■ How to complete this task ■
Would you transcribe the listing exactly as it stands, minus any images?

■ Data for this task ■
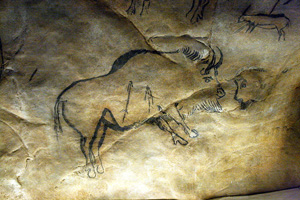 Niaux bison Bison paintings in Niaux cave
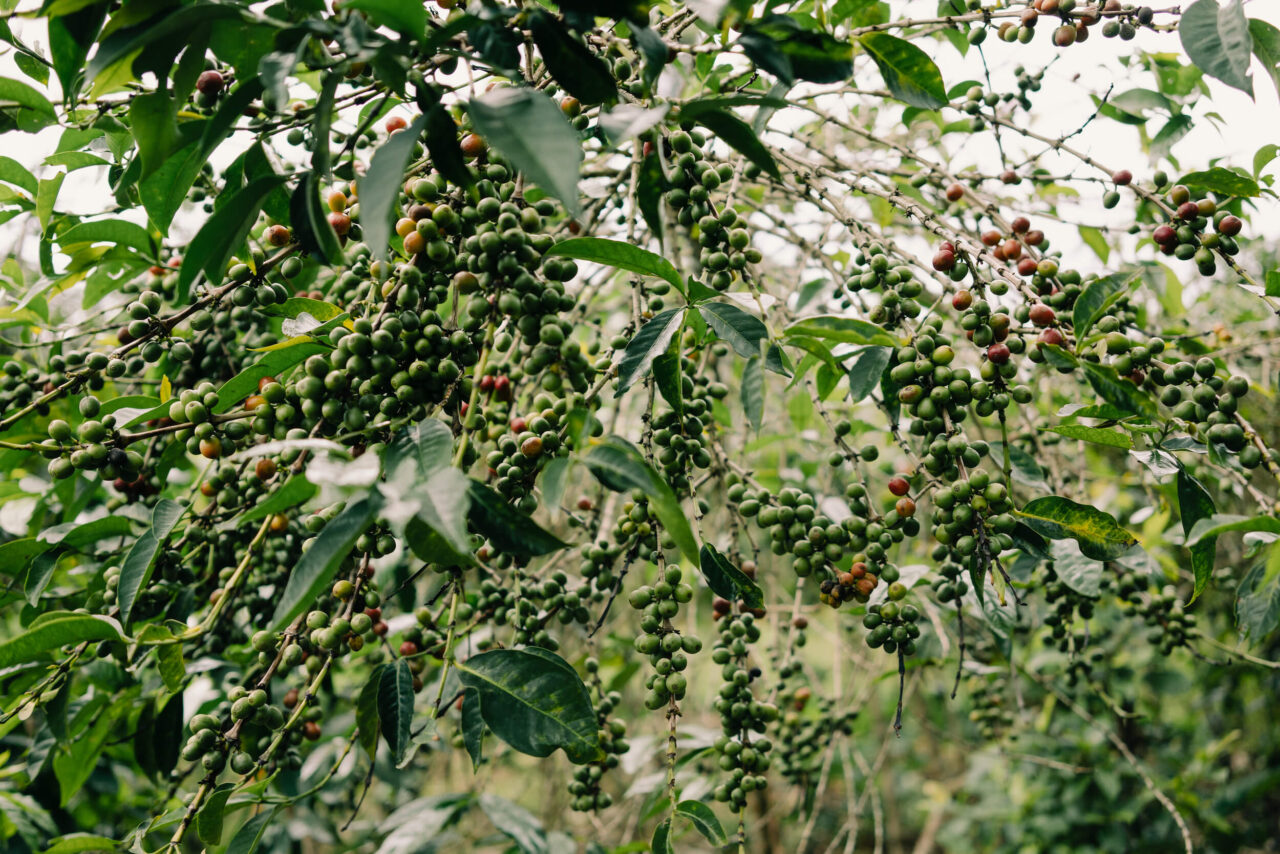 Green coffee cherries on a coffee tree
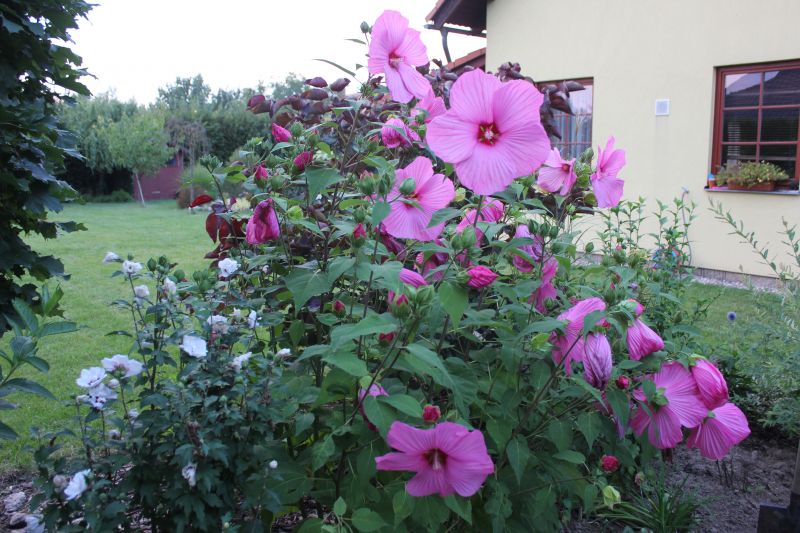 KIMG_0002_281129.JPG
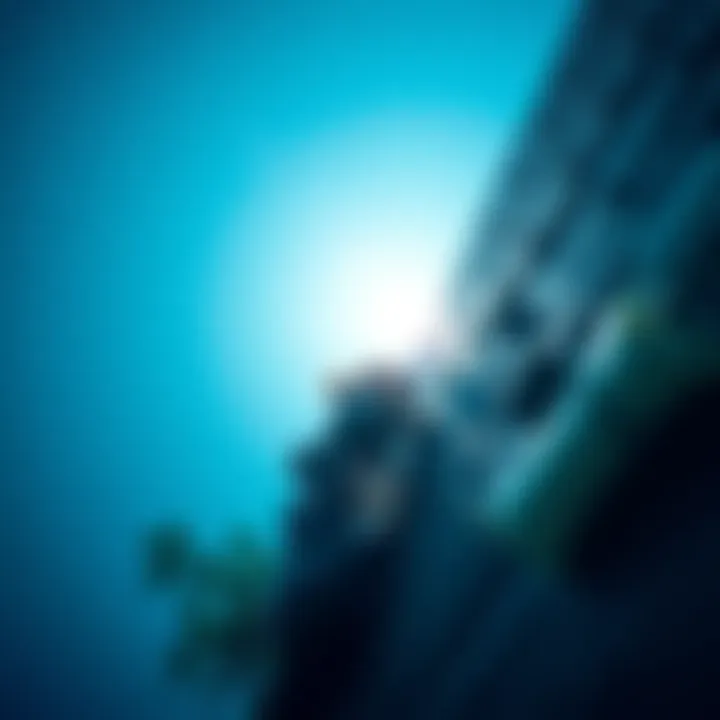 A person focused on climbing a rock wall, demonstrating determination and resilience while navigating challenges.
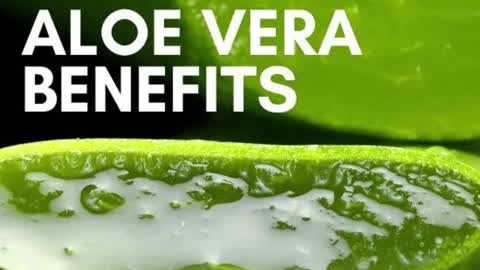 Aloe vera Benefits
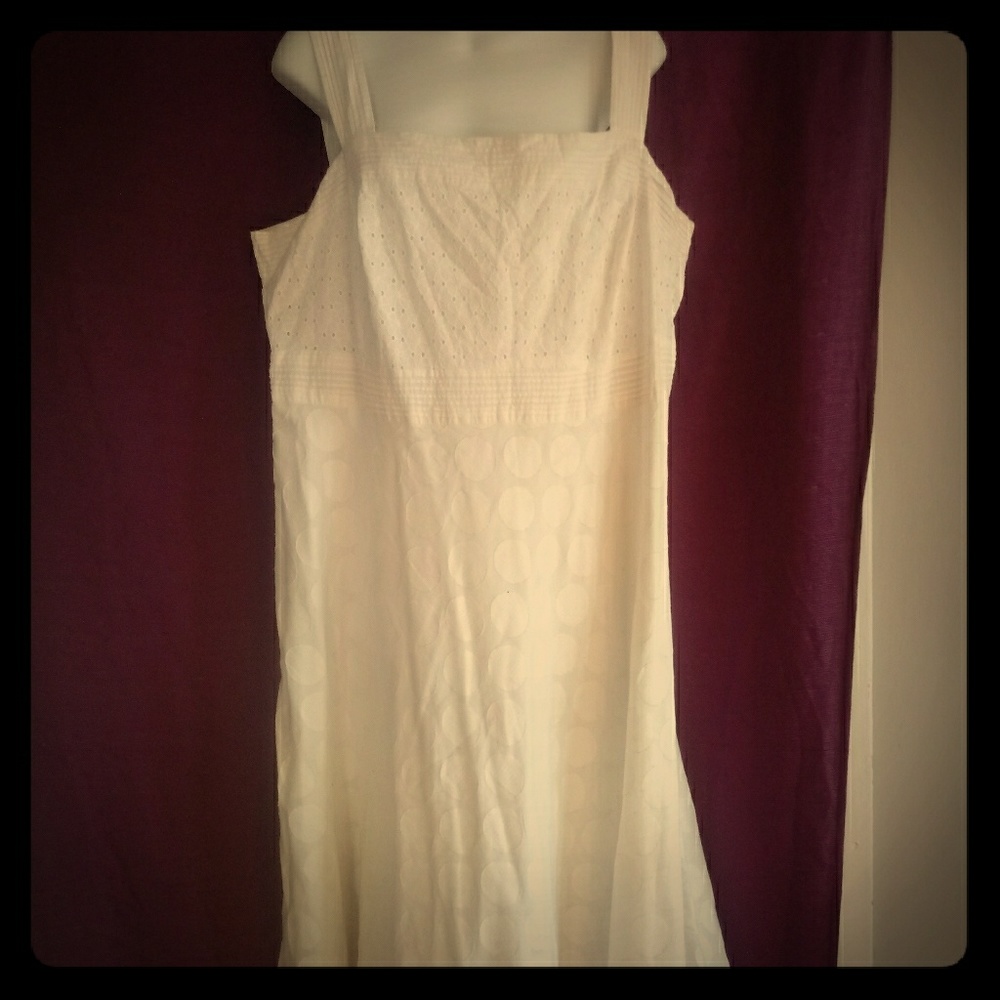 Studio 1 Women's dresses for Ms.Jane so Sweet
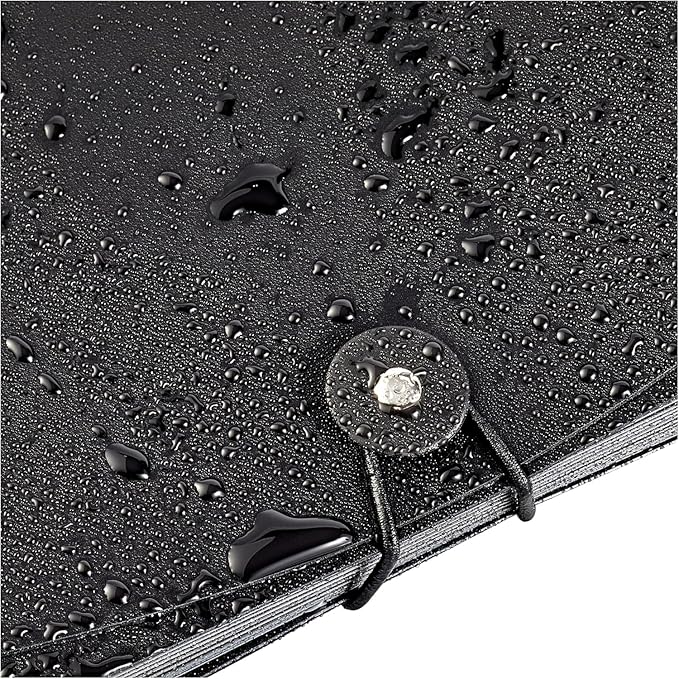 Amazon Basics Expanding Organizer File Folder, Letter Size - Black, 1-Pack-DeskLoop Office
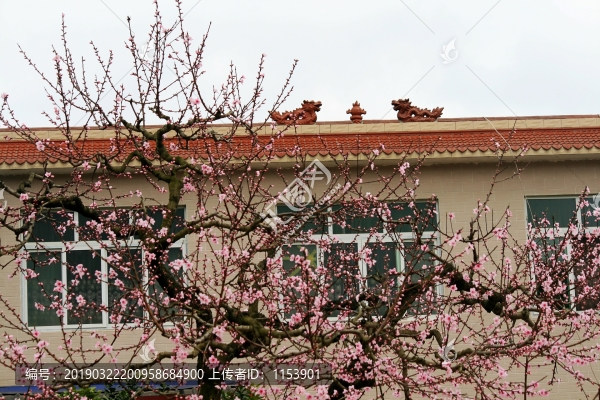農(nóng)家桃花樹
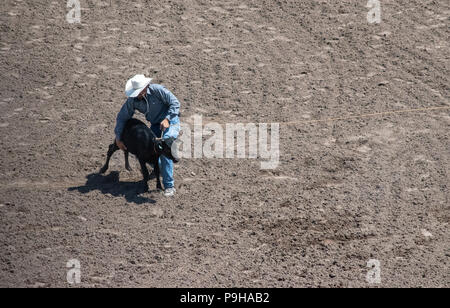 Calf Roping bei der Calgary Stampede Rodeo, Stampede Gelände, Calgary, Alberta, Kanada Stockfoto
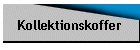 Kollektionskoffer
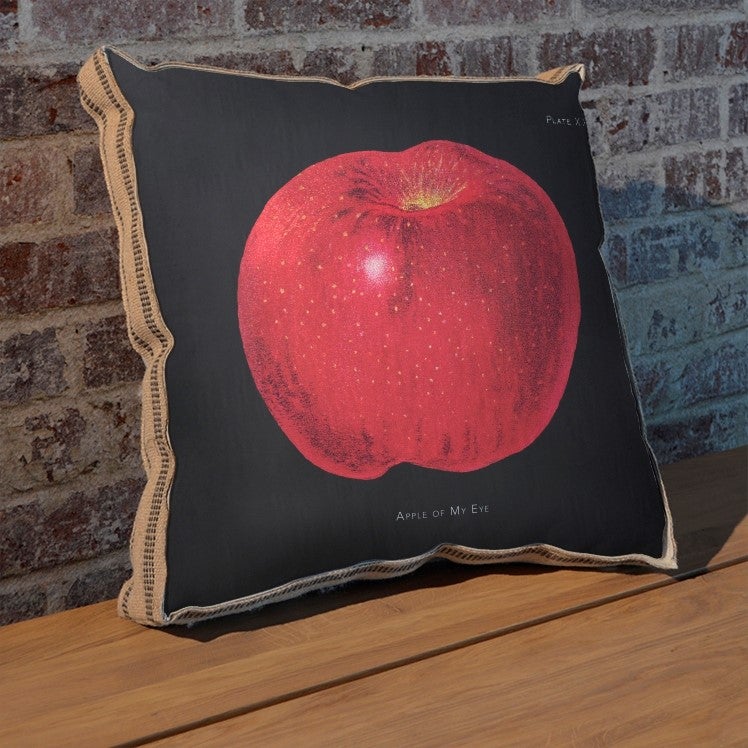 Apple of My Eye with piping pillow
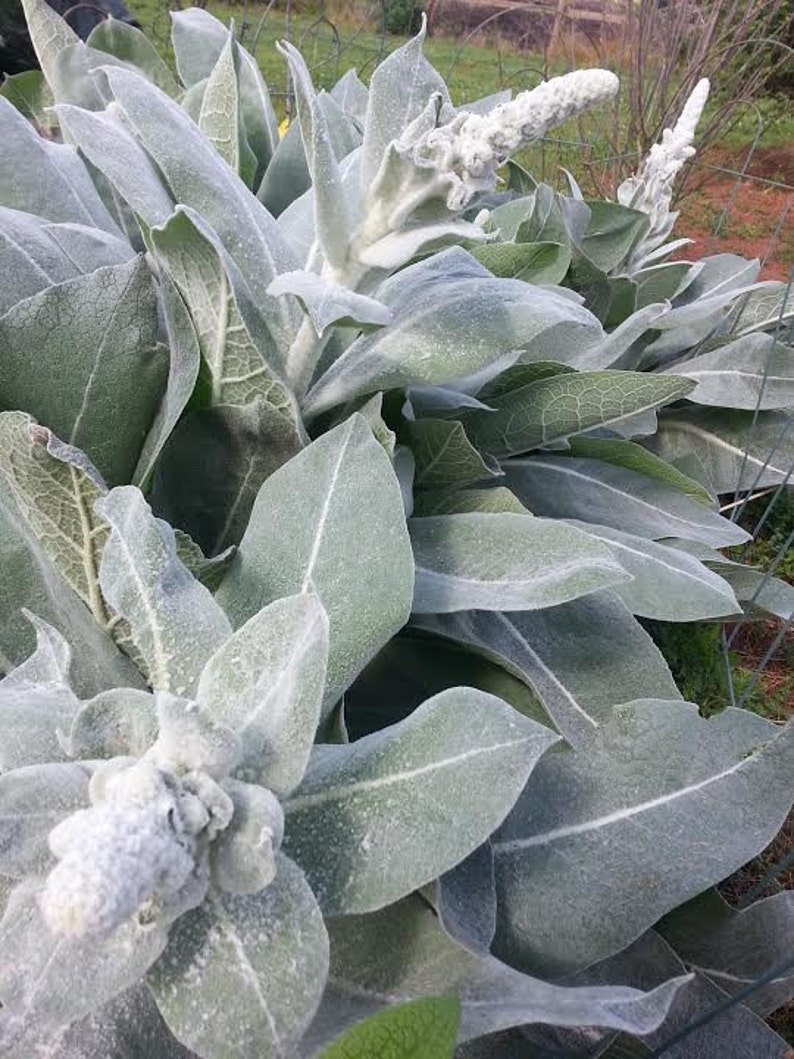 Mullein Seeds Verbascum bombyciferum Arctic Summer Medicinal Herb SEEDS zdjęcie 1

■ Final answer ■
 Niaux bison Bison paintings in Niaux cave
 Green coffee cherries on a coffee tree
 KIMG_0002_281129.JPG
 A person focused on climbing a rock wall, demonstrating determination and resilience while navigating challenges.
 Aloe vera Benefits
 Studio 1 Women's dresses for Ms.Jane so Sweet
 Amazon Basics Expanding Organizer File Folder, Letter Size - Black, 1-Pack-DeskLoop Office
農(nóng)家桃花樹
 Calf Roping bei der Calgary Stampede Rodeo, Stampede Gelände, Calgary, Alberta, Kanada Stockfoto
 Kollektionskoffer
 Apple of My Eye with piping pillow
 Mullein Seeds Verbascum bombyciferum Arctic Summer Medicinal Herb SEEDS zdjęcie 1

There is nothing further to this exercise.